Hampton Roads is expected to grow significantly over the next 25 years. Baby Boomers tend to retire from career jobs, but many of us - me included - continue to work in some capacity.

We live longer than our parents, and we depend on all kinds of ways to get around. While Boomers tend to reinvent ourselves in place, our children are flocking to communities they want to live in. Unlike the days when a job determined your destination, increasingly the destination comes first.

A viable transportation system linking highways to railways to bikeways and pathways connects a community, making it a desirable destination for people, businesses, jobs and life.

Let's focus for a moment on the up-and-coming workforce - the millennial generation, Americans born from about 1980 until the early 2000s.

It's no secret that the success of a community can be traced back to the kind of workforce it attracts. Facts show that millennials are the most educated and technologically savvy generation. Studies show nearly 70 percent of millennials use more than one mode of transportation several times per week.

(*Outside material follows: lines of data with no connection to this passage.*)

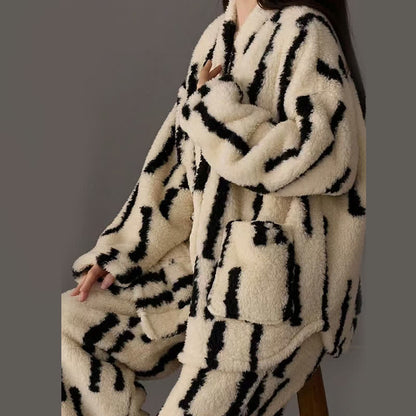 Ensemble de vêtements d'intérieur en polaire Ownkoti à rayures verticales - image 8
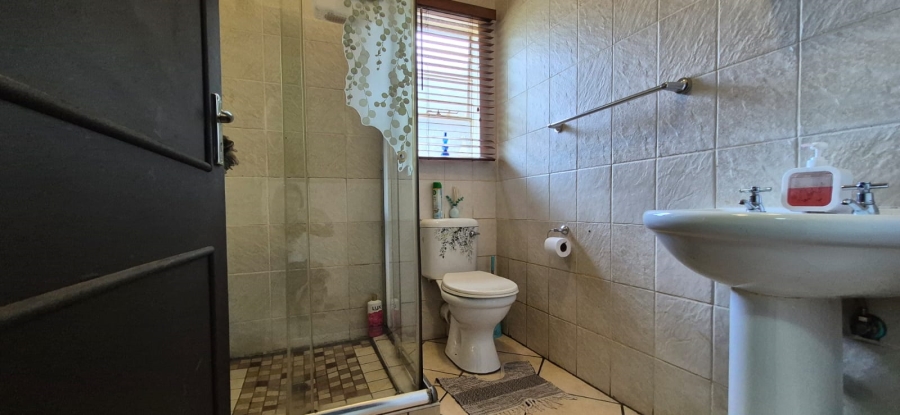 3 Bedroom Property for Sale in Kenleaf Gauteng
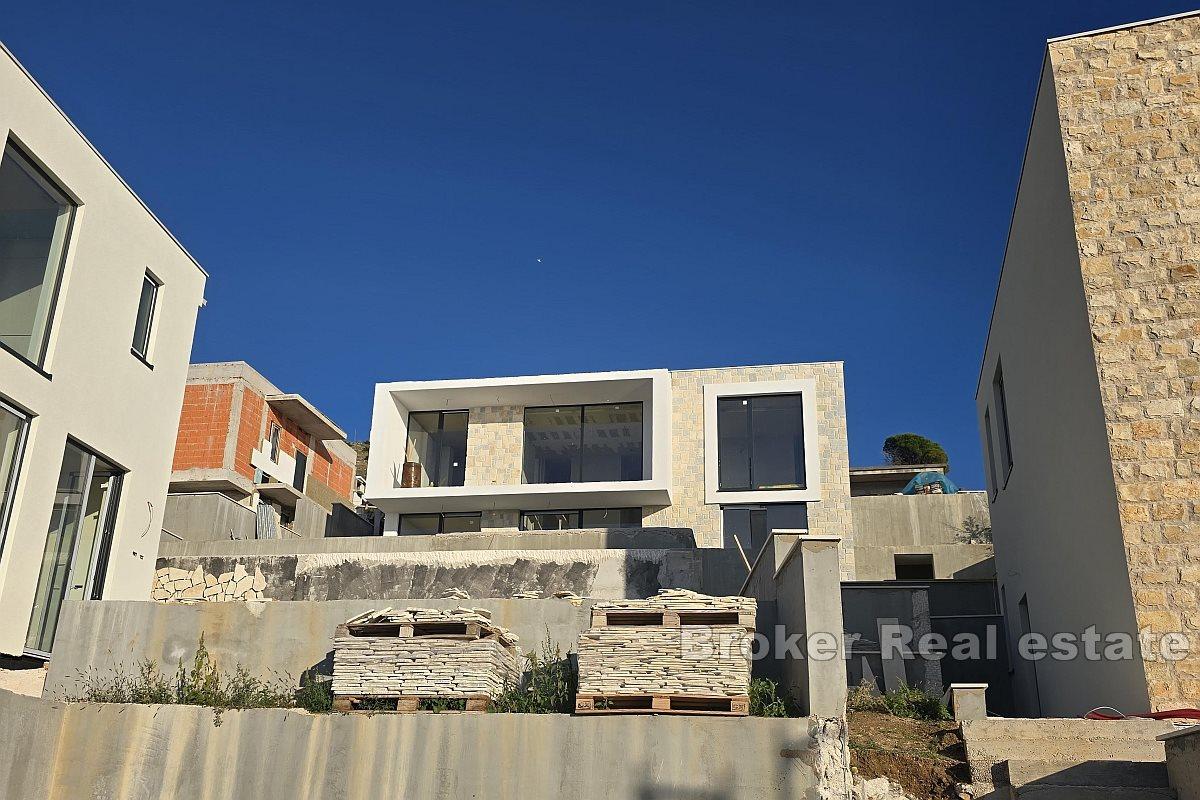 Villa in an exclusive complex with a sea view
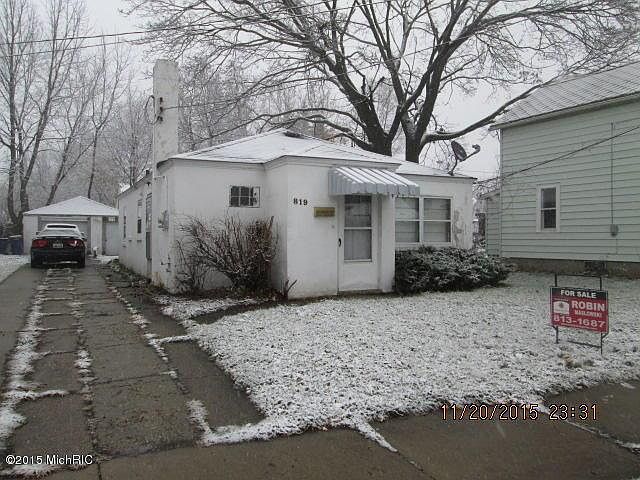 2nd image of 819 Myrtle St NW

Want more evidence? The majority of American teens now delay getting a driver's license. Since 1995, there has been a 47 percent decline in the number of licensed 16-year-olds in Virginia.

Studies also indicate that 86 percent of millennials say it is important that their city offer quality public transportation. By 2025, millennials will constitute 45 percent of the U.S. workforce.

Multi-modal transportation is not a new idea. The state, the Hampton Roads region and the city of Virginia Beach have recognized the need for transit in long-range plans. This need has been debated, documented, researched, studied and planned. It is time for transit to be funded.

The Hampton Roads Regional Transit Vision Plan - 2025 and beyond - imagines what may be possible for the region's transit services. It envisions a regional rapid transit network that connects employment and population centers. It imagines thoughtful and coordinated land-use planning combined with appropriate transit to improve mobility.

In other words, the extension of The Tide to Virginia Beach is not some harebrained notion conjured by people looking to spend some money.

As a member of the Envision Virginia Beach 2040 Commission, I know firsthand that light rail is important to connect the city's strategic growth areas.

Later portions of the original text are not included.